Hinter Buschdorf schwenkt die Straßenbahn auf die Gleise der Rheinuferbahn ein und endet in Tannenbusch Süd, wo sich ein S-Bahnhof befinden soll, der den Umstieg von der Straßenbahn in Züge Richtung Köln ermöglicht. Diese Verlängerung dient der Anbindung von Auerberg und Buschdorf an Tannenbusch und die Verbindung nach Köln. Durch die Führung über die Kölnstraße ist die Buschdorferortsmitte schnell an die Innenstadt angebunden. Die Erweiterung der Haltestellen an der Rheinuferbahn für Niederfuhrbetrieb dürfte aufgrund der Platzverhältnisse kein Problem darstellen. Durch diese Führung entsteht in Bonn eine attraktive Nordtangente.

Wann kommt hier eigentlich der rest?
Gute Frage!
Ich bin schon sehr gespannt, wie du die Verknüpfung von Hoch- und Niederflurnetz erläutern wirst.
Die Querung des HBFs wird so nicht möglich sein, da der HBF ebenerdig ist. Die Straßenbahn nutzt weiter südöstlich eine Unterführung.
Da zudem aus Richtung Buschdorf die Fahrt zum HBF auch auf direkterem Weg möglich wäre, schiene es mir hier sinnvoller die Linie in Richtung Beuel weiterzuführen, anstatt nach Dottendorf.
Im übrigen ist die Idee eines Anschlusses an die Stadtbahn bei Buschdorf nicht von dir, sondern von „Plastikbomber“, aber das wirst du in deiner Beschreibung ja sicher noch erwähnen.

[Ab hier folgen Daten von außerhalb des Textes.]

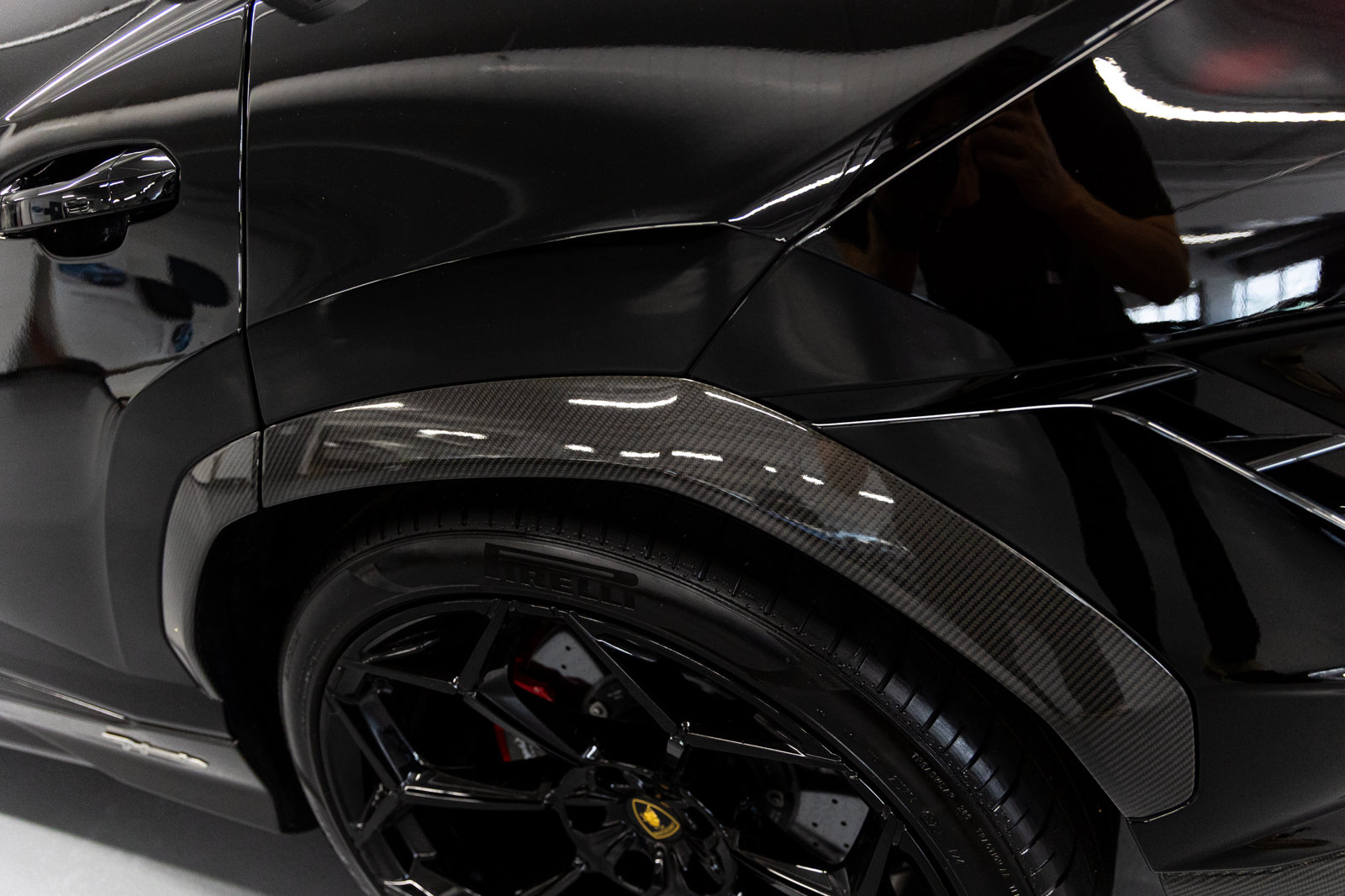 Used 2024 Lamborghini Urus Performante AWD/4WD image 27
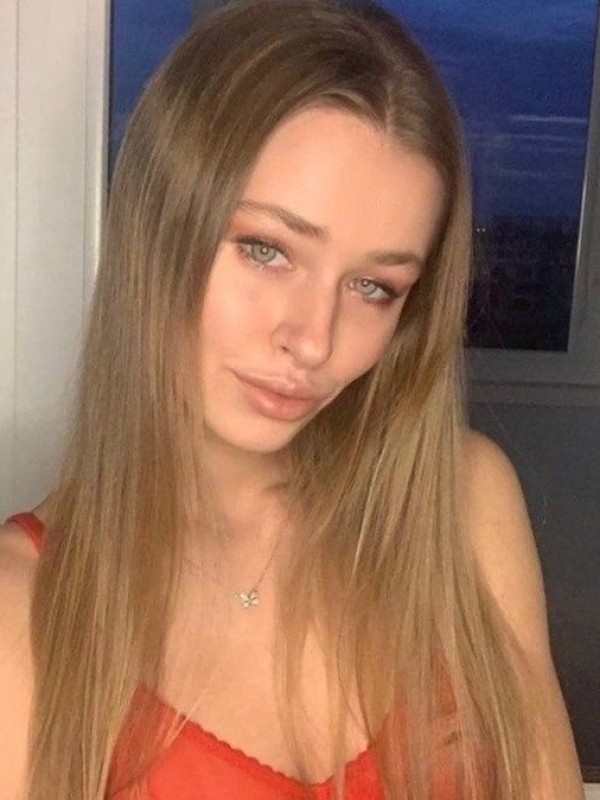 Лада привлекательная девушка из Ханты-мансийск цена от 3000 руб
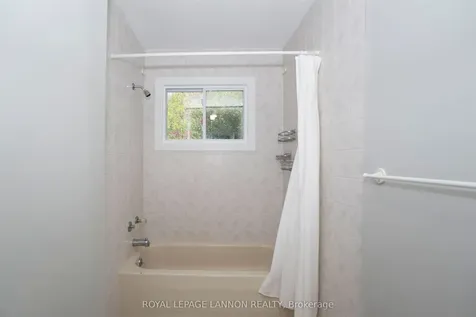 138 Windemere Avenue S. Thunder Bay ON P7A 6B4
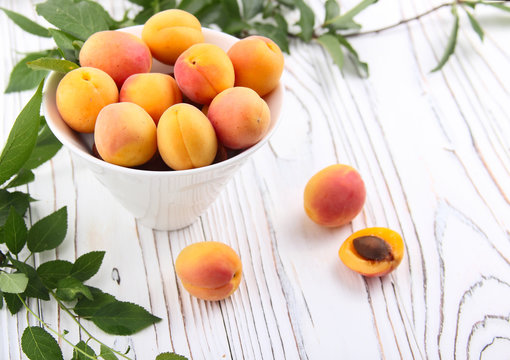 Fresh apricots in a plate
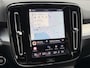 Volvo XC40 2.0 B4 Plus Dark Elektr. stoelverstelling / Harman Kardon Audio / Trekhaak / 19" All season banden / Keyless Drive / Verw. voorruit / Stoel- en stuurverw. / Adapt. Cruise / BLIS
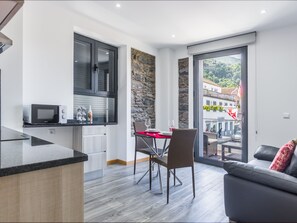 Escritorio, wifi gratis y ropa de cama 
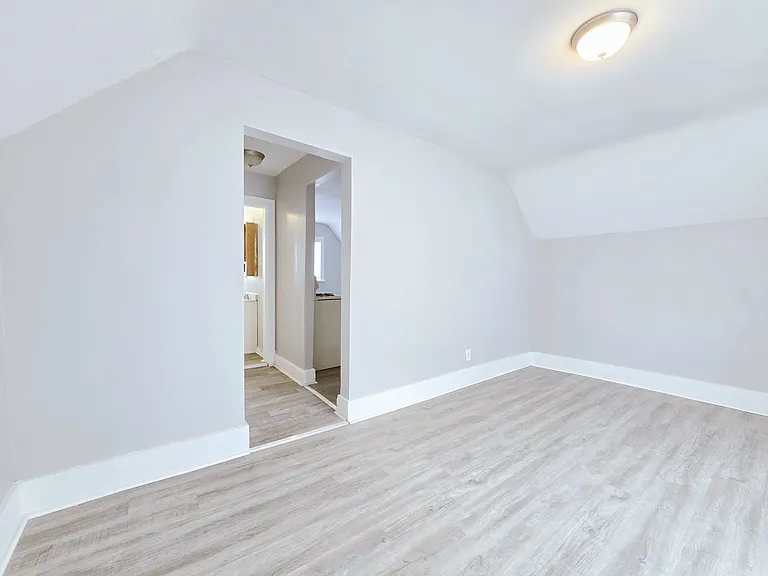 533 Columbia St #C — Photo 3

Dann bin ich auch noch gespannt darauf, warum du die Strecke nicht in Auerberg an die bestehende Straßenbahnlinie anschließt, wie es „Tramfreund94“ empfohlen hat.
Da der Vorschlag seit fast fünf Jahren in Arbeit ist, droht eine Löschung. Das fände ich allerdings bedauerlich, da die Strecke prinzipiell fertig zu sein scheint. Der Vorschlag sollte innerhalb von drei Tagen fertiggestellt werden.